The impact Carroll Shelby (d. 2012) had on the SCCA will last long into the future, even if you ignore the mark he made as a driver that won an SCCA National Championship in 1956 (Formula Libre). Though Shelby competed in eight Formula One races and won the 24 Hours of Le Mans behind the wheel, his legacy is the man who practically invented the pony car. In 49 SCCA National Championship Runoffs, 35 drivers have left with the gold medal in either a Mustang or a Shelby Cobra. The GT 350 was the inaugural Trans-Am Series manufacturer champion.

As a 22-year-old, Rahal was awarded the SCCA President’s Cup following his 1975 Formula Atlantic (nee Formula B) championship. The 1986 Indianapolis 500 winner won CART Championships in 1986, 1987, and 1992, as well as the series’ Rookie of the Year award in 1982. Rahal is the current co-owner of Rahal Letterman Lanigan Racing.
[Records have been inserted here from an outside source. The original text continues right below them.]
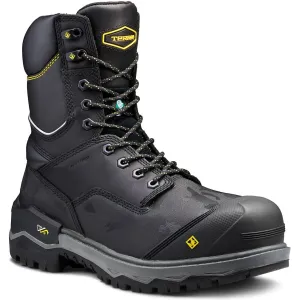 Terra Men's Gantry 8" Composite Toe Waterproof Safety Work Boot -Black- 4NRQBK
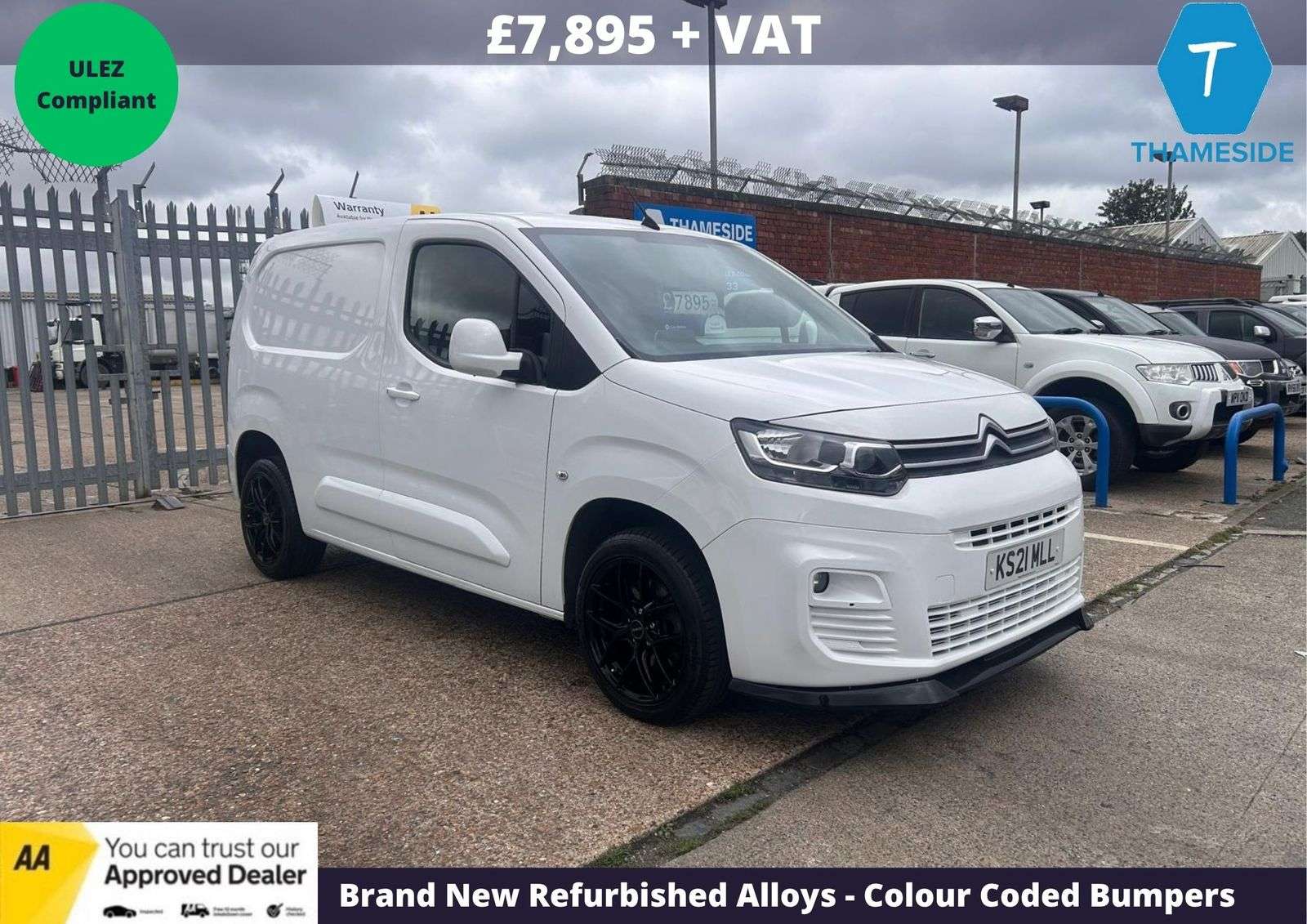 A 2021 CITROEN BERLINGO 1.5 BlueHDi 1000 Enterprise M Panel Van 5dr Diesel Manual SWB Euro 6 (s/s) (100 ps) A 2021 CITROEN BERLINGO 1.5 BlueHDi 1000 Enterprise M Panel Van 5dr Diesel Manual SWB Euro 6 (s/s) (100 ps)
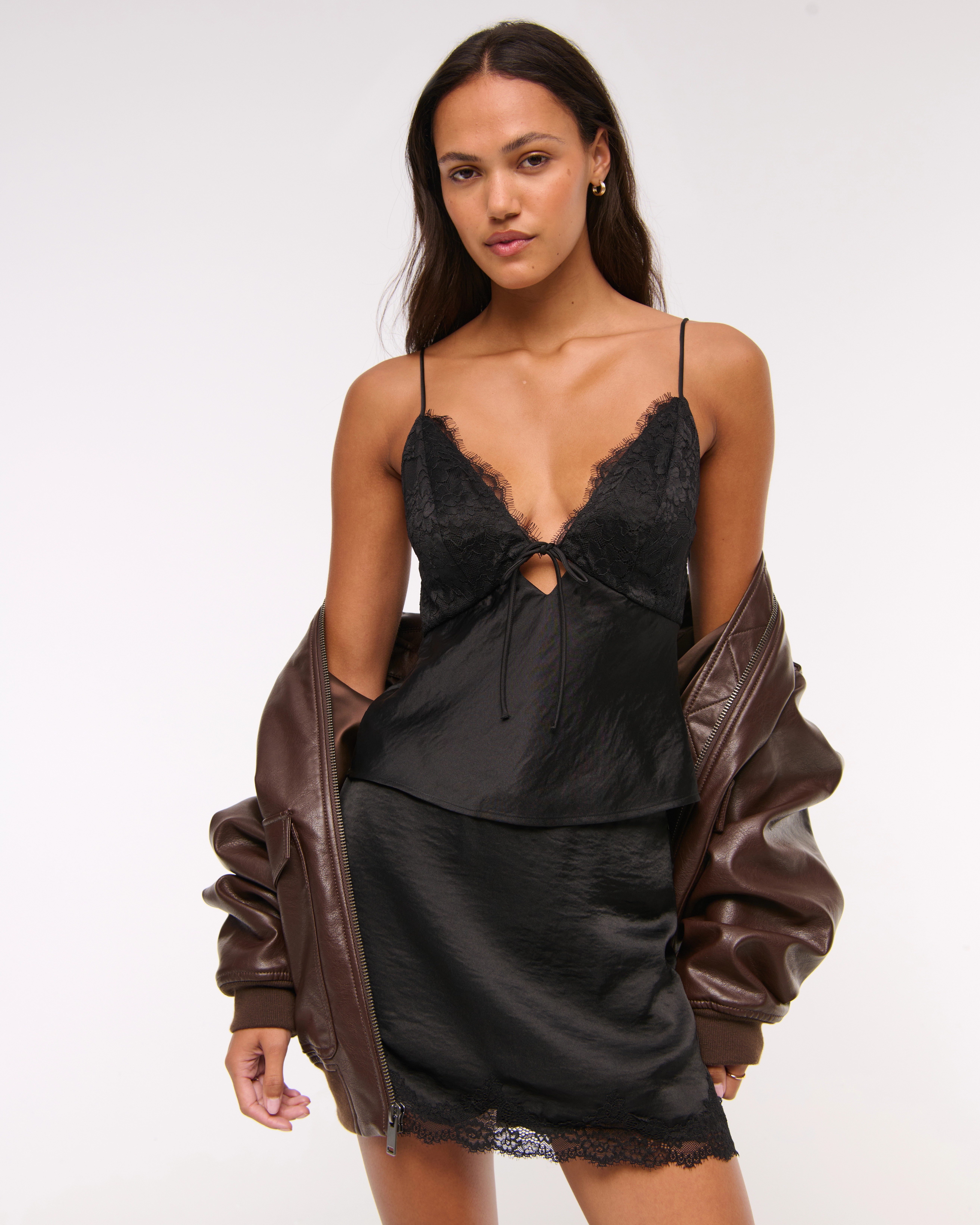 The A&F Bella Tie-Front Cami | Abercrombie & Fitch (US)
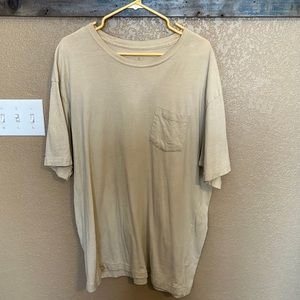 Tan men’s shirt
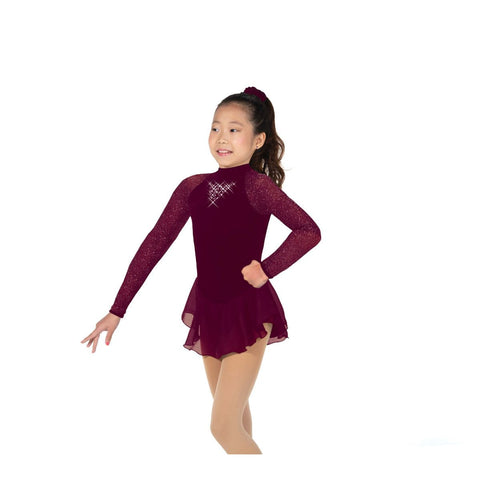 Figure Skating Training Wear Suits Girl Kids Long Sleeves Skating Clothes  Practice Pants Fitted Adult (Color : Red, Size : Small)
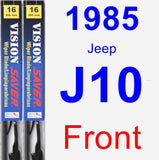 Front Wiper Blade Pack for 1985 Jeep J10 - Vision Saver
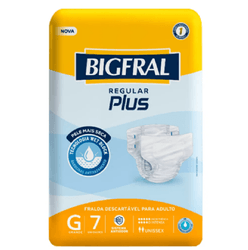 Fralda Bigfral Plus TAM G PCT C/7UN - 20388-1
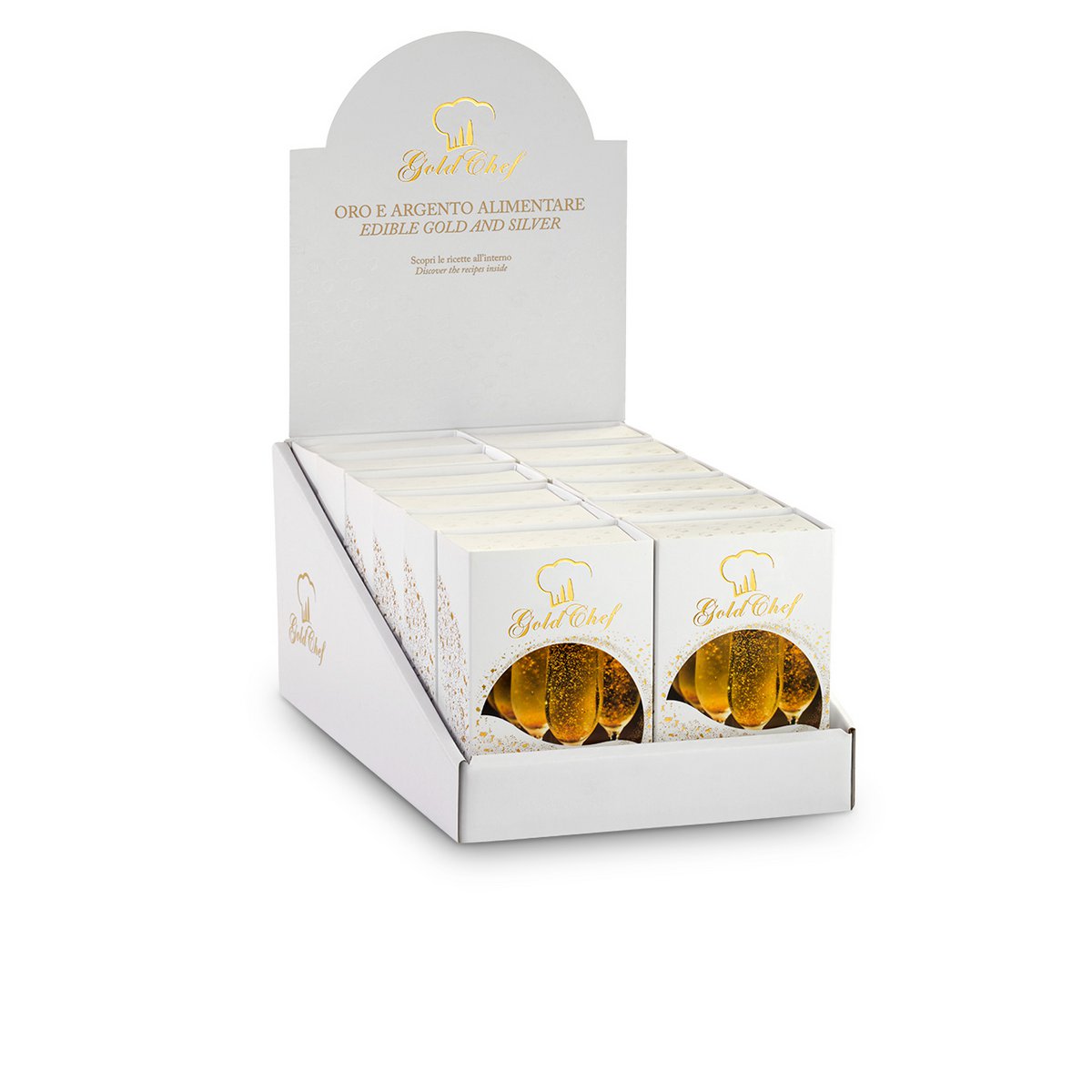125 mg essbares Goldpulver 23 kt, Salzstreuer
Barber, an SCCA member for 54 years, won the Formula Ford (now Formula F) title in back-to-back years (1969 and 1970), and paired the 1970 championship with a Formula B (Atlantic) championship, earning him the President’s Cup. Barber raced in a handful of F1 races in March-Cosworth, then created the Skip Barber Racing School in 1975, which he sold in 2000. Barber is president and owner of Lime Rock Park, which opened in 1957.